On le savait déjà, il y a de belles dames en France, mais cette année, c’est encore plus vrai avec la migration d’autres belles-dames, les papillons migrateurs venant d’Afrique du Nord et en route pour l’Islande ou la Scandinavie. Les observateurs de l’Observatoire des Papillons des Jardins disent que le phénomène est d’une ampleur exceptionnelle cette année (10 fois plus qu’en 2008 et 2007 à la même époque) et qu’il est possible de l’observer en se postant en bordure d’un champ par beau temps et en regardant le passage des belles-dames à raison de plusieurs papillons par minute.
Comment les entomologistes différencient-ils les belles-dames des papillons locaux ? Contrairement aux papillons sédentaires qui virevoltent autour des fleurs pour butiner, les belles-dames (de couleur orange et tachetées de noir/marron) volent en ligne droite à quelques mètres du sol et s’élèvent pour passer les haies et les bâtiments.
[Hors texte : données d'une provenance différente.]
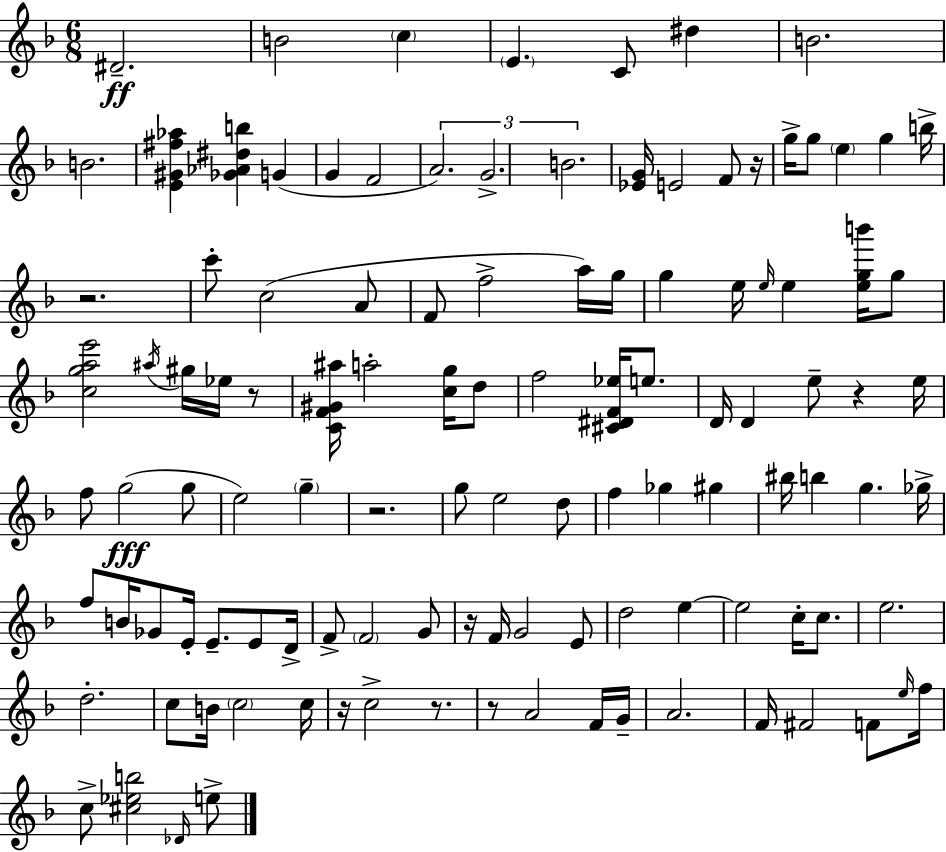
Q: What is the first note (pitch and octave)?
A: D#4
La dernière migration d’une telle ampleur en Europe a eu lieu en 1996. Les experts comme Benoît Fontaine, ingénieur de recherche au Muséum National d’Histoire Naturelle, pensent que les conditions climatiques sur les lieux d’hivernage (monts de l’Atlas), adéquates au moment de la naissance des chenilles, ont joué un rôle fondamental. Mais il faut savoir que la migration Sud/Nord se fait aussi sur plusieurs générations, par la ponte dans les plantes sauvages (chardons, orties…) des pays traversés et qui donnent naissance, un mois plus tard, à une nouvelle génération. La diminution de l’utilisation des pesticides dans les fossés ou les fauchages tardifs ont peut-être favorisé ce phénomène, sans toutefois en justifier l’ampleur qui est cyclique.
Les particuliers en France qui souhaitent participer à l’observation de ces papillons (et d’autres) dans leur jardin ou dans les parcs peuvent contacter l’association Noé Conservation qui a mis en place avec le Museum depuis 2006 l’Observatoire des Papillons des Jardins. En aidant à leur dénombrement, ils aideront les scientifiques comme Benoît Fontaine à déterminer les conditions de leur conservation pour sauvegarder cette fragile partie de biodiversité.
www.noeconservation.org.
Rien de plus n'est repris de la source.